Project Inspiration and Description

Methylotrophic yeasts have the potential to convert single carbon compounds such as greenhouse gases into organic compounds of greater value. Currently, there exists engineered Pichia pastoris, a type of methylotrophic yeast, that is capable of converting methanol into medical compounds such as insulin. However, in Pichia pastoris, the metabolism of methanol is highly specific and results in significant oxygen consumption and heat generation, which have limited its industrial applications.

We aim to maximize the methanol conversion rate and lower oxygen consumption and heat generation in Pichia pastoris metabolism. This may be achieved via 1. Refining the metabolic pathways of Pichia pastoris so that it may consume methanol and other carbon sources (such as glycerine) at the same time and 2. Converting metabolic byproducts (formic acid) back to methanol so that methanol may be utilized to the greatest extent.

In Pichia pastoris, there are three transcription factors for the AOX1 gene that encodes aldehyde oxidase (the protein that allows it to metabolize methanol), respectively Prm1, Mit1, and Mxr1. These transcription factors are inhibited in the presence of other carbon sources such as glucose and glycerine.

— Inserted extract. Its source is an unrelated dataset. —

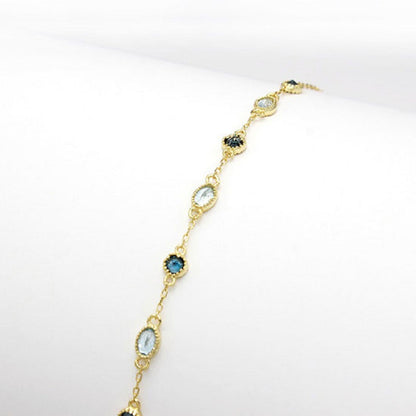 Light luxury sapphire blue toppa bracelet women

original metabolic pathway of Pichia pastoris [1]

We plan to re-engineer the metabolic pathways of Pichia pastoris to allow it to simultaneously consume methanol and glycerine, hence maximizing the methanol conversion rate while lowering oxygen consumption and heat generation. This may be achieved by regulating the expression level of Prm1 and Mit1 by interchanging their promoter sequences (Pprm1 and Pmit1).

Mit1 is relatively cytotoxic and Pprm1 is a relatively strong promoter, but the promoter can be inhibited by Mit1. Meanwhile, Pmit1 is a relatively weak promoter, but it can be enhanced by Prm1, which is not very cytotoxic. Therefore, this combination of Pprm1-Mit1 and Pmit1-Prm1 may allow for the moderate overexpression of AOX1 transcription factors Mit1 and Prm1, which in turn should facilitate the expression of aldehyde oxidase despite the presence of glycerine.

We also plan to knock out the gene that facilitates glycerine inhibition to further allow the yeast to metabolize methanol despite the presence of glycerine.